#### [Collection entries]
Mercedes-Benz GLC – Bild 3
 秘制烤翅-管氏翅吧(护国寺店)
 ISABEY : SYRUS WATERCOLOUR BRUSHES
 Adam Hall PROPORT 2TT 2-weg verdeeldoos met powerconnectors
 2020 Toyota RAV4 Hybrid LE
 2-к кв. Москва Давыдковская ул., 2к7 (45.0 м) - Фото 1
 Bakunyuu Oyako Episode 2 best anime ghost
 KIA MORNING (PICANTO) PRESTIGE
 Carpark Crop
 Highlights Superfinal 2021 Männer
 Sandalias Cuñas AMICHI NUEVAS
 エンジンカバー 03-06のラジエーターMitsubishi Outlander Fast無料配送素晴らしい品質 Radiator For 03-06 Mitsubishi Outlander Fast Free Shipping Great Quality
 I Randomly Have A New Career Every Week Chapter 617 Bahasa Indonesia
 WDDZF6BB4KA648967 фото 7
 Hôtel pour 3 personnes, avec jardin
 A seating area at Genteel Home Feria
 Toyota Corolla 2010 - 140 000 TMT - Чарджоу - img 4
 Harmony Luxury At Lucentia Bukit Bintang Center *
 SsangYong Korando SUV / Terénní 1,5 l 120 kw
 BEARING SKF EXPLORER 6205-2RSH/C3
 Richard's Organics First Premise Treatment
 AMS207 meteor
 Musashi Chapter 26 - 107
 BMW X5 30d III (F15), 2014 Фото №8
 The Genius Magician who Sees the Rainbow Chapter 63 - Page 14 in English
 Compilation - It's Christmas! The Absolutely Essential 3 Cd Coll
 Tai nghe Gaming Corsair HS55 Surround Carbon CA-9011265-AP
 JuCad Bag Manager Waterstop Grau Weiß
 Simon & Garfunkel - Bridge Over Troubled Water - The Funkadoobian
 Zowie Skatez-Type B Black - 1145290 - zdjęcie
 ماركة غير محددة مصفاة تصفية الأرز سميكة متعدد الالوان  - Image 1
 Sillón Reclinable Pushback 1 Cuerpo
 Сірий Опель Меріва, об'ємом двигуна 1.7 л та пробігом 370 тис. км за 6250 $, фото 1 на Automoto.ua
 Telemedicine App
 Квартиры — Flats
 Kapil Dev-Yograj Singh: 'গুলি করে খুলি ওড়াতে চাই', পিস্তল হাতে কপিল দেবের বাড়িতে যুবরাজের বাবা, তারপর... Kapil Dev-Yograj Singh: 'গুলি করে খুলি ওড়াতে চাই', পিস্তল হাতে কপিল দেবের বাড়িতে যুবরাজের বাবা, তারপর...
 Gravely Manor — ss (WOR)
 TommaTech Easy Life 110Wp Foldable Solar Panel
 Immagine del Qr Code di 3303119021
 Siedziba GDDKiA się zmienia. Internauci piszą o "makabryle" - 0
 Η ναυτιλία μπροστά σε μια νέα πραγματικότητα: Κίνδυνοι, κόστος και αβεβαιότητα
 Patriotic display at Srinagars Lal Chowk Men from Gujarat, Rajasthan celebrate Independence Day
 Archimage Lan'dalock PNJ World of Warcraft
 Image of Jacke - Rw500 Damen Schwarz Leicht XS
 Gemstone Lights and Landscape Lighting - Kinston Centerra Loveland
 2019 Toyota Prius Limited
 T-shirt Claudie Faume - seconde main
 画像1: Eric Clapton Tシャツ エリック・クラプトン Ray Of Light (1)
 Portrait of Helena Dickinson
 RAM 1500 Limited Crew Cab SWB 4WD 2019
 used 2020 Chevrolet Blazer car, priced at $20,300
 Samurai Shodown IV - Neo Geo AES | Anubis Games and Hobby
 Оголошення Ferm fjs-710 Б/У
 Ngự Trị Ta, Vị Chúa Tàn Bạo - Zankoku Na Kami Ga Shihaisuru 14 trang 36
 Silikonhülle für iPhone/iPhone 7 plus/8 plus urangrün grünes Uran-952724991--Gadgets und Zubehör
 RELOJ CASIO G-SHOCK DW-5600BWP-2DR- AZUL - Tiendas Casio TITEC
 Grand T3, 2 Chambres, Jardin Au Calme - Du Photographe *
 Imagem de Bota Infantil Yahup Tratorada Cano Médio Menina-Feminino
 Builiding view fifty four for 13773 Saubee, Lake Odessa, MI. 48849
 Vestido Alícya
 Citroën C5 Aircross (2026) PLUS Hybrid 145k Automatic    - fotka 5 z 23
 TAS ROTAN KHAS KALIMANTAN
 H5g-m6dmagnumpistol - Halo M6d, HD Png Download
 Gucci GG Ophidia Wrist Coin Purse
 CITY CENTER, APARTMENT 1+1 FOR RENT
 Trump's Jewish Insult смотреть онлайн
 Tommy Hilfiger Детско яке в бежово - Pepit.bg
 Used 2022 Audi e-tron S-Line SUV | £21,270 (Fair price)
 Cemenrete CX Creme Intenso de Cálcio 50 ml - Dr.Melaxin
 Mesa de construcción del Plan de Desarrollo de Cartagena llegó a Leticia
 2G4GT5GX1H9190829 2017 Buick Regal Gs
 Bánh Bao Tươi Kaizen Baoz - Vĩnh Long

#### [What is needed]
Across all lines above, count those with the string "Chapter". Only the number is wanted.

#### [Reply to the task]
3